I look up at the night sky. The stars are shining brightly. Another scene we have come to treasure deeply due to its rareness. The night sky that our cities offer is usually home to tens of stars in the best-case scenario. In the wild you see hundreds, thousands or millions. In places with no light pollution and nights with no Moon it can feel like there is more light than darkness up there, and that’s something that words or images can hardly describe. Only your eyes can make you feel the true sensation of witnessing a proper starry night sky out in the wild.
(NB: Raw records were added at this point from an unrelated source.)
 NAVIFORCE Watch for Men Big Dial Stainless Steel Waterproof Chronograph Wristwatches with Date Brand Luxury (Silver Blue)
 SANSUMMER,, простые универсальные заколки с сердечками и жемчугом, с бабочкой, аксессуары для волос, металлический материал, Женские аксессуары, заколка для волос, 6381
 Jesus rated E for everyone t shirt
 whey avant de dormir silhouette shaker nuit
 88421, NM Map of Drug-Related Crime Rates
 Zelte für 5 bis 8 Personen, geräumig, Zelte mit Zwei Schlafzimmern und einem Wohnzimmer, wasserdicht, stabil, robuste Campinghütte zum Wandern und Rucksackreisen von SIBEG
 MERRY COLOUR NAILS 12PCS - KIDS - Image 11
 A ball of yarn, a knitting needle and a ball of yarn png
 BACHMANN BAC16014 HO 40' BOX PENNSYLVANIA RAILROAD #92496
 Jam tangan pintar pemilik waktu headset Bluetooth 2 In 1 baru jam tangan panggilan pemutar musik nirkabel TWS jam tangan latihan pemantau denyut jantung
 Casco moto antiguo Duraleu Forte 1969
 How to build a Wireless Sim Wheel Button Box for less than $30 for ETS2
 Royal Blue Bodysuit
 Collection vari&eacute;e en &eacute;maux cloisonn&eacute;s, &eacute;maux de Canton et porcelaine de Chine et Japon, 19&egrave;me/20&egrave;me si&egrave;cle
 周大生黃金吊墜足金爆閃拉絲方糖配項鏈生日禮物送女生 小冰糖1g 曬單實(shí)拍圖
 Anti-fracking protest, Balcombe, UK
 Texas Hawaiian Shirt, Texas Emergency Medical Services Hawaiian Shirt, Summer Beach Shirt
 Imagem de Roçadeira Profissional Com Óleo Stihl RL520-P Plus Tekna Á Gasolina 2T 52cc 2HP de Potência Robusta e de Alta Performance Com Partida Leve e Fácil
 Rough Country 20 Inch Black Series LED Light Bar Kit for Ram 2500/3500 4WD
I believe that looking at a night sky full of stars is of paramount importance. It allows our minds to wander off freely, without constraints and borders. It’s a place where reality and fantasy blend into an opaque mix of light and darkness. A place of total detachment from the hustles of everyday life that allows us to get lost on our thoughts, embracing them fully with their light and darkness.
One of the few scenes we are able to observe and actually feel the grandness of the unknown. A liberating source of visual magnificence, reminding us how vast this world we live in is, how little we know about it, how small we are, but at the same time how lucky we are to be alive right now, right here, enjoying this moment.
And for me this is a source of creativity, liberation, and introspection that rejuvenates me like nothing else.
After a few hours the moon started appearing behind a nearby mountain top, dimming the star’s light and filling the sky with its silver radiance.
The water’s surface on the upper lake started glimmering with beautiful shades of green, cyan, blue and grey. If there is a place where dryads lived this would probably be it, and I could almost see them emerging from the lake bathing themselves with water and moonlight.
My roaring imagination was halted by the shivers of my body. The cold had started to become unbearable and it was time for me to go to my tent.
I went back to our fire and stood there for a few minutes warming my hands. A feeling of appreciation filled my mind for the scene we got to experience this day. The stars, the moonlight, the trees, the mountaintops, the sound of birds chirping, the strain on the body’s muscles after a vigorous workout, it’s all things we need but have come to enjoy so seldomly, especially this year with the lock-downs imposed due to COVID-19.
I put out the fire as I started to prepare to go to sleep. Before going in I decided to check it again, making sure it’s properly extinguished. I threw in some water and it made a loud, hissing noise. I looked down at the last burning embers. They looked like sprinkling stars shining out in front of the background of black coal. I looked up the actual night sky and saw the resemblance.
I guess there is beauty everywhere, I thought, you just need to have the eyes to look for it.